We saw some really bad Intel CPU bugs in 2015 and we should expect to see more in the future

I have the same question that Andrew Gelman has on grade inflation (https://statmodeling.stat.columbia.edu/2011/07/27/12383/ / https://statmodeling.stat.columbia.edu/2023/01/29/grade-inflation-why-hasnt-italready-reached-its-terminal-stage/): why isn't there even more corner cutting?

E.g., why did Intel take verification so seriously for so long in the wake of FDIV? AMD was buggier than Intel during the FDIV era, was much much buggier in the K7 era, and is buggier today. Someone who wants a non-buggy CPU doesn't really have a better alternative, so, from a shareholder viewpoint, Intel isn't cutting enough corners.

Grade inflation: why weren’t the instructors all giving all A’s already?? | Statistical Modeling, Causal Inference, and Social Science

My non-confident guess, based on how I've seen things play out (at companies I've worked and elsewhere), is that a tiny percentage of people want to do the right thing despite the incentive structure strongly pushing for the wrong thing.

Since we're in an era that increasingly celebrates some variant of "greed is good", the ability of the minority to force the right thing to happen is decreasing but, sometimes events like the FDIV bug will give people leverage to make the right thing happen.

@danluu Reputation is worth a lot, even if there is no alternative at that very moment.

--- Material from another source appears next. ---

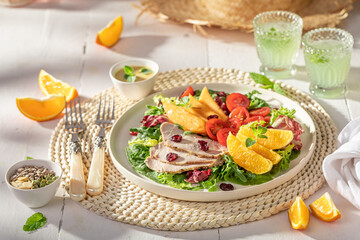 Wall Mural - Healthy and fresh salad made of fruits, meat and vegetables.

I'm not sure how much the extra stringent verification costs intel, but it could be a small percentage and entirely rational in the long term.
@danluu you're probably not wrong.
But it could also be a point of differentiation for Intel. "We cost more and our chips are slower, but they are more correct."
That's routine market differentiation.
Further, to maintain that differentiation, an internal culture develops with aligning values. The people in the company get sense of self-worth by providing that "higher quality".
@danluu That’s my assumption as well - everywhere I’ve worked, there’s always been some elements just doing their own thing, incentives be damned. I’m sure I must’ve read some systems analyses that have noted this…
@danluu must also be because you would stand out if you suddenly introduced a lot of bugs/gave all students As
@danluu My guess is, that this is prevented by the fear of escalation. In my experience, when you signal to everybody, that you don't care (i.e. give everybody A's), then the system is practically dead within a few cycles (few years in school terms). People subconsciously know this, because of the small timeframe and because it's easier to see.
@danluu When this is happening slowly instead, the escalation is happening too indirectly for people to actively fear. They may not even see it as an escalation.

@danluu
Some example thoughts:
"If I give everybody an A, what is the purpose of tests?",
"If everybody always succeeds in the same way,
why do we need to give homework?" or maybe in Intels case: "If we do not have a less buggy CPU, maybe our CPUs are not better?"

The current profit of the company is not the only priority, as the profit is the result of many things.

@danluu anecdata from grad school—in philosophy, the professors said the second year grad students, who were TAing for the first time, tended to be too aggressive and often had to be nudged to give higher grades. Note that this isn’t “all A’s”, (we were a solid but not flagship state school), and the grad students had to be nudged to stick to a bell curve where the median grade was a B.

@danluu I question your assumption that it's cheaper to ignore these kinds of issues. If a company screws up they do have to pay a lot of money (product recall, compensation, etc).

The point of cost comparison is the additional outlay to do things right vs paying for screwups - the problem you'd run into is screwing up constantly would quickly get very expensive.

At best you could argue current employees may not have sufficient incentive, and take short term profits at long term expense.